È questa la ragione per cui l’accompagnamento alla costruzione del proprio posizionamento e quindi della crescita, non è un progetto dedicato ai singoli, ma una leva di stabilità per l’intero studio. Perché un team che parla con più voci, che ha visibilità diffusa, che è percepito come plurale e strutturato, non teme il cambiamento ma lo attraversa senza smarrire la fiducia dei clienti, la qualità del lavoro, la coerenza della propria reputazione.

Da qui discende il tema del come, che non riguarda una serie di strumenti da applicare meccanicamente, ma una mentalità da coltivare al proprio interno. Far crescere le seconde linee significa concedere loro lo spazio per costruire una propria voce, non come proiezione di quella del partner, ma come espressione autonoma del valore che portano allo studio. Significa accompagnarli nei rapporti con la stampa, sostenerli nel percorso verso le directories e formarli al business development.

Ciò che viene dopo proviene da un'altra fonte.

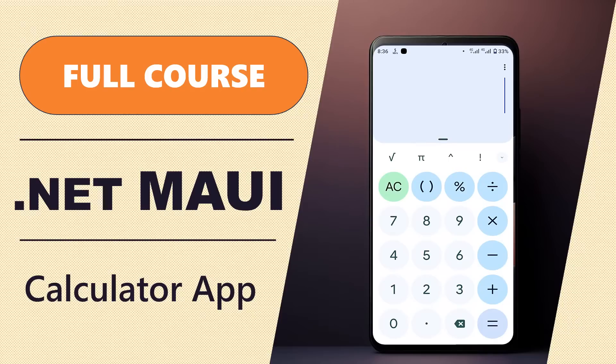In this tutorial, we're going to be building a simple calculator app from scratch using .NET MAUI and XAML. Let's get started.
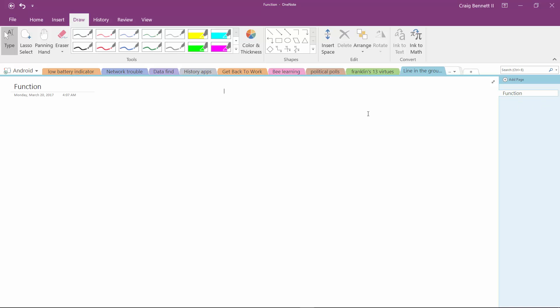I make one page for functions - that's all that page is for. Basically, what the application is going to do is allow the person to see the water lines, electrical lines, etc.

Significa, soprattutto, comprendere che la visibilità non è una concessione, ma una forma di investimento. Un investimento nella continuità, nella stabilità, nella maturità di una struttura. Un investimento nella capacità di uno studio di esistere al di là dei suoi fondatori e delle sue figure simboliche, e di costruire una leadership che non nasce dall’urgenza del momento, ma da una preparazione lenta e consapevole.

Il vero rischio, oggi, non è far crescere chi è bravo. Il vero rischio è scoprire, quando la necessità si presenta, che lo studio non ha costruito nessuno che possa assumere con naturalezza e credibilità il ruolo di capo della practice che fino al giorno prima sembrava indiscutibile.